Of course, it isn’t like we haven’t seen giraffes before. Indeed, the kids have fed lettuce stalks to the giraffes in our zoo, so we have actually been closer to giraffes than we were. But there was definitely something about the fact that this particular giraffe was not at a zoo that made this encounter different and more special. Although it may seem obvious that encountering a giraffe in the wild is more special than feeding a giraffe at a zoo, it isn’t easy to identify precisely why that is. The truth is that the giraffe didn’t behave all that differently from the giraffes at the zoo – for the most part, this giraffe was as disinterested in us as any giraffe we have encountered before. Perhaps it is that the giraffe we came upon on Naval Hill had not been tamed or trained to interact with humans. Or maybe it is that on a couple of occasions, it was not disinterested – it clearly saw us, took us in, maybe sized up whether we were threatening, and having decided we were not, went about its business. In those moments, we were truly “with” the giraffe in a way that isn’t possible in the protected space of a zoo. Certainly, the removal of a barrier between us made for a more intimate interaction as the removal of any barrier does. Regardless, it was special, indeed more special than any human-animal interaction (not including dogs/friends) I’ve had given the closeness and the context. (more giraffe and other pictures here)
At some point, after nearly an hour, we decided that it was time to move on. We had not gone thirty feet before we found another giraffe, perhaps the mate, also eating along the side of the road. We did not linger for this second giraffe, pushing on around the hill to the final view post, which includes a giant statue of Nelson Mandela and a sprawling view of Bloemfontein and beyond. We parked and the kids and I walked toward the statue. There were other people there, but also something else. What was it? A few more steps and it was clear – an ostrich was up atop the hill like any other visitor (no cell phone though), just hanging out at the base of the Mandela statue. We joined the half dozen other people and the ostrich, careful not to get too close and flabbergasted at the fact of a wild and giant bird traipsing around the site. Was there really a wild ostrich just hanging out with us? Yep.

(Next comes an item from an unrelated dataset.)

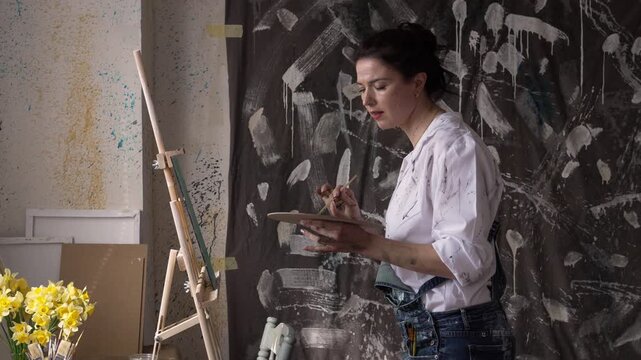 woman artist drawing and dancing at art studio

At one point, Meggan and Ben returned to the car to fetch the kids’ journals and the ostrich ended up between them and the entrance to the viewing area, inspecting nearby cars and poking its head in the window of a small car. They waited in the car for the giant bird to move before returning to us. Later, after another visitor teased the ostrich and fed it some french fries, it clearly saw Sadie as another potential source of food and followed her as we walked away with increasing urgency toward our car. This encounter was intimate in its own way, but certainly not as pleasant as our time with the giraffe.
We continued down the hill, fruitlessly searching for zebras. We were home in five minutes, all ecstatic at this first wild animal experience and me relieved that the trip had gotten off to a good start. I’m sure we will return to Naval Hill throughout our time here, but I doubt we will have another encounter quite like that.